Apollo recorded an adjusted net income of $566 million in the three months to June 30, up from $501.8 million a year ago. This missed the average analyst estimate of $655.5 million of adjusted net income, according to Refinitiv data.

Apollo said its principal investing income - which encompasses revenue from its flagship private equity funds - fell 93% to $19.7 million during the quarter, down from $272.3 million a year earlier. This was because the funds could sell fewer assets profitably in a market downturn driven by rising interest rates and Russia's invasion of Ukraine.

For its quarterly fund performance, Apollo said its private equity portfolio depreciated by 4.9%. Its corporate credit and structured credit funds fell 4.1% and 5.3%, respectively.

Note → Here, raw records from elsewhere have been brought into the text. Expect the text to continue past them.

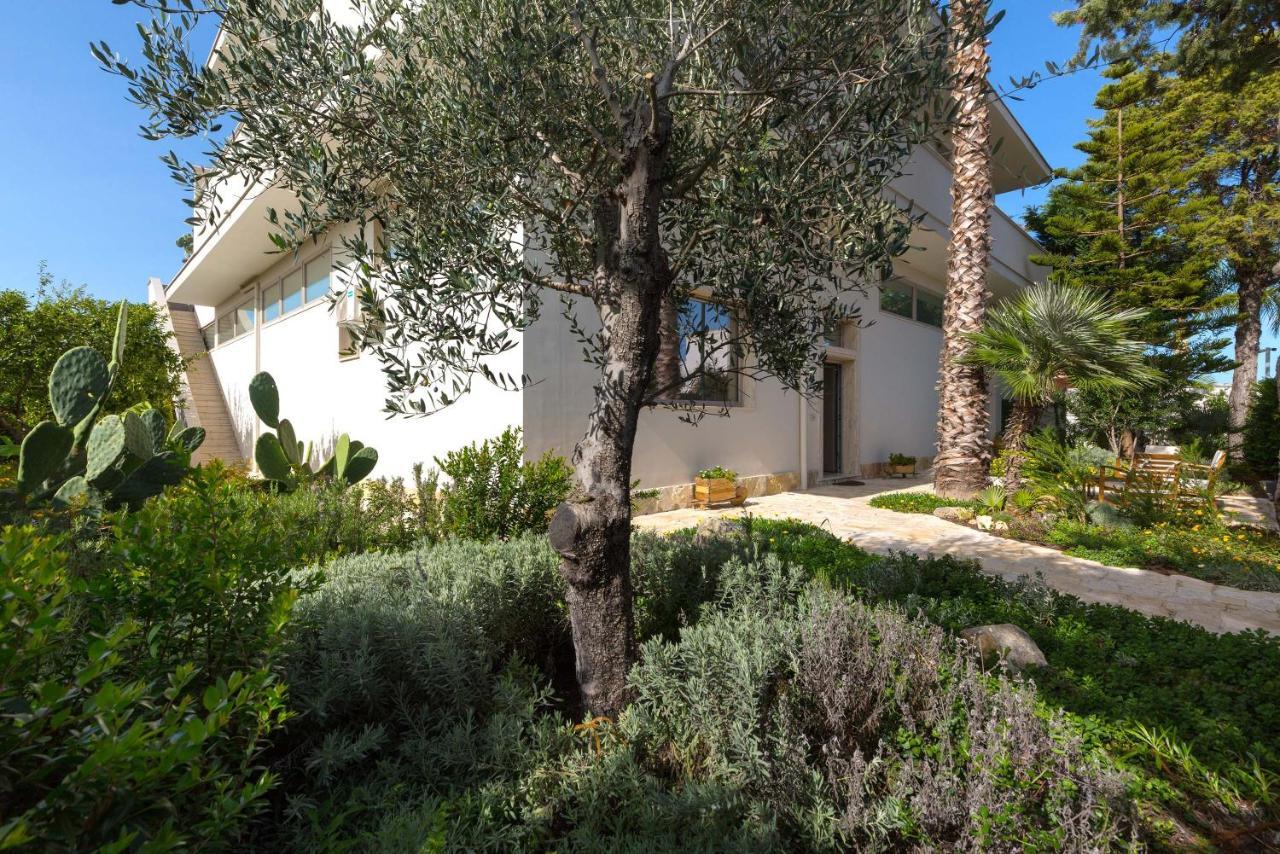 B&B Le Radici Del Salento Luxury Rooms San Pancrazio Salentino Exteriör bild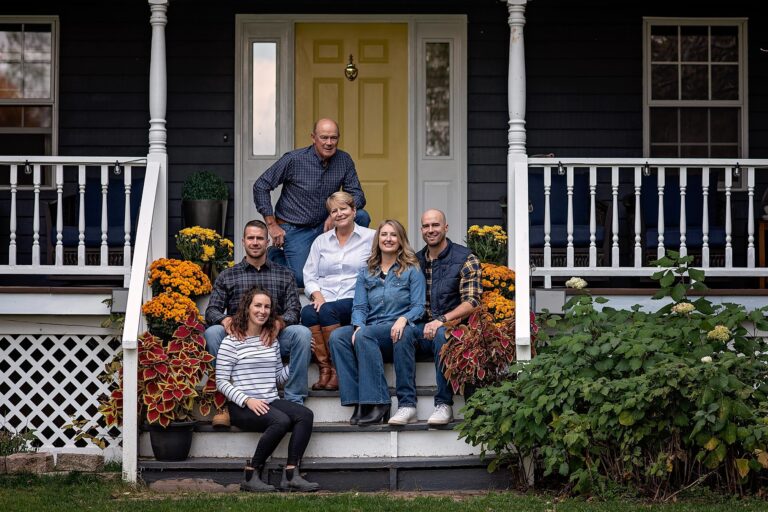 Ottawa Extended Family Photographer | Fall Family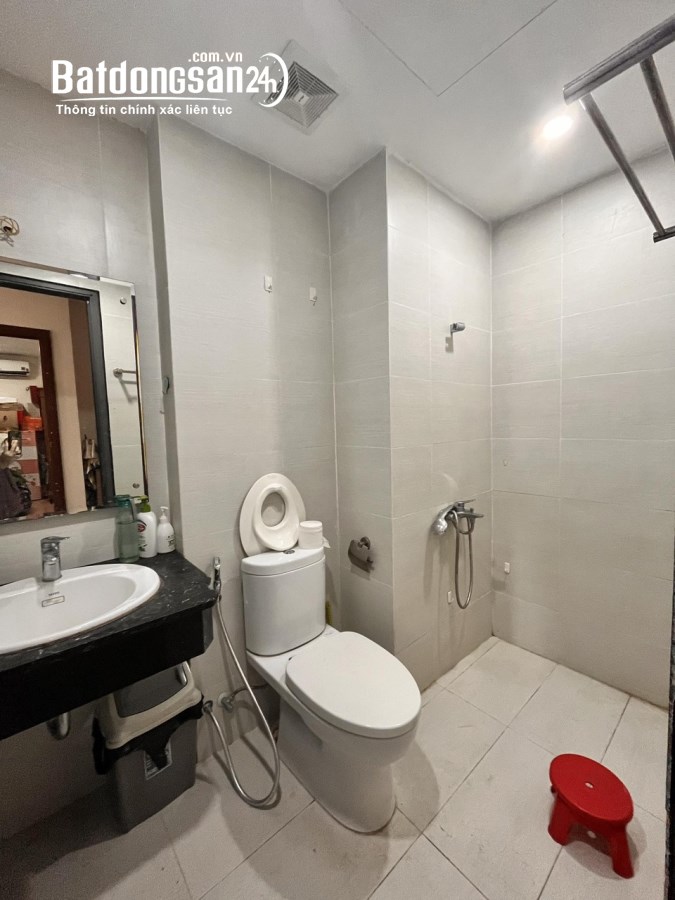 Cho thuê chcc Thái Hà Contrexim 43 Phạm Văn Đồng, căn 70m2 2pn 2wc. Giá 12tr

Apollo's result was in line with its peers - Blackstone Inc, Carlyle Group Inc and KKR & Co Inc - which had all reported a pull back in the value of most of their funds amid the market downturn in the second quarter.

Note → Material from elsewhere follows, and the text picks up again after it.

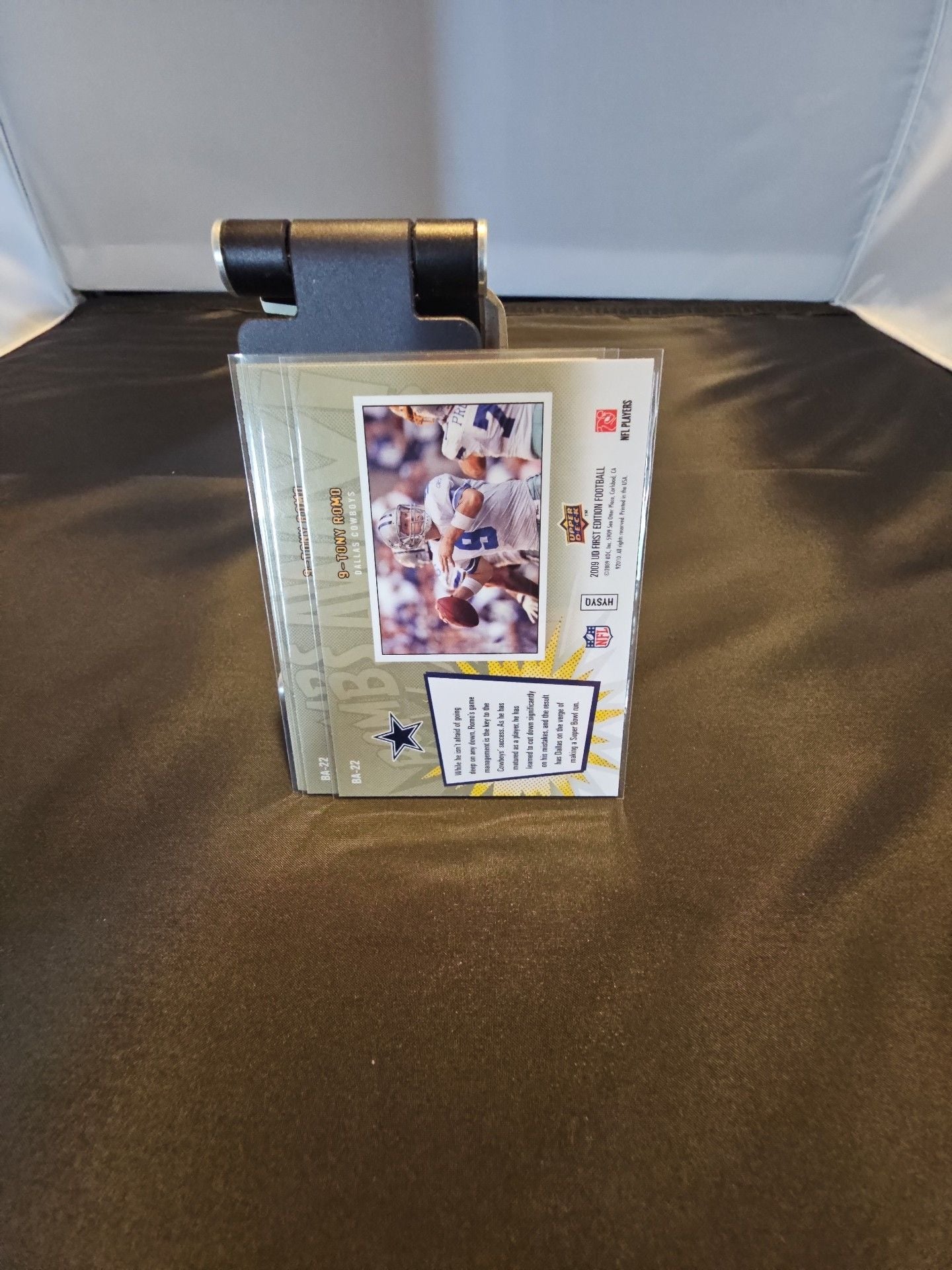 3-2009 Upper Deck First Edition Tony Romo Bombs Away! #BA-22 Football Card 5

Apollo's earnings were supported by the income it generates from investing the capital of annuities provider Athene Holdings, which is now part of the private equity firm following a merger that was completed earlier in January. Spread-related earnings reached $442 million in the second quarter.

Apollo said its fee-related earnings - comprised mostly of income from management and transaction fees - rose 7% to $341.1 million from $318.9 million a year earlier driven by inflows into its funds, increased premiums from Athene, and additional fees booked following the completion of its acquisition of the U.S. asset management business of Griffin Capital.

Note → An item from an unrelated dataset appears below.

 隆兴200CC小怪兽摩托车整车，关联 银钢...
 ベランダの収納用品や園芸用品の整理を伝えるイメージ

Under generally accepted accounting principles, Apollo posted a massive paper net loss of $2.1 billion compared with a net income of $649 million a year earlier owing to the booking of the liabilities from policies underwritten by Athene.

Apollo's total assets under management reached $515 billion, up slightly from $513 billion three months earlier. It spent $40 billion on new investments, had $50 billion of unspent capital, and declared a dividend of 40 cents.